When I left my job in my mind’s eye I still wanted to see myself as a big bad businessman who did business in a hard but fair manner, who treated employees with the bare amount of dignity and drove them to excel.  I still saw myself as a man’s man who could be stern, who had high expectations of everyone, including myself.  Nurturing, taking care of my woman was not on the top of my mind.

She tried to tell me, over and over again she tried to get me to recognize myself, then she got sick.  Not just a little sick but catastrophically, cataclysmically, death bed kind of sick; the kind of sick that changes the lives around you, the kind of illness that requires care, that requires nurturing, that requires all day, every day care giving by someone who cares.

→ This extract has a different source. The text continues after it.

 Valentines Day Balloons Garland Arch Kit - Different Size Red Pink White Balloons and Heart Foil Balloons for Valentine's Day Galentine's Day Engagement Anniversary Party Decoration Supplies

For a year I pushed back, I couldn’t do this, it wasn’t my calling, it was against my very nature, it was not me.  I was plagued with the anxiety of second guessing and doubt, I was captured by what I thought I should be and more importantly what I thought I wasn’t.  The days of even wanting to be that business man of old, that captain of industry, became lost in the urgency of our new normal life.  My life, my self, wasn’t so much changed as it was discovered by the pressure of reality. 

Somewhere along our journey, with Marty’s help, I found the guy who cried about Rudolph, the guy who instinctively cared that the other reindeer excluded him.  I discovered that it was okay to be afraid, that it was okay to be tender, that it was honorable to care for those who could no longer care for themselves.  

Marty taught me, she showed me who I was, who I could be, what my true calling was.  I chafed against it, I fought against it, but it was what I was meant to do.  Through Marty’s illness, what I was meant to be, found me.  Could I be nurturing, could I conquer my self-doubts for just anyone?  I have no idea,  I don’t have to know that,  I only know that caring for Marty, watching over her is what I was supposed to do, it is what my life was supposed to be.

I always thought that the first sign of maturity was when you realized there was more stuff to know than what you already knew.  I have since come to realize that understanding all that you don’t know is just part of it, somehow you have to start to know who you really are and start living that life, not the one you thought you were or who you wanted to be.  Sometimes we discover somebody completely new.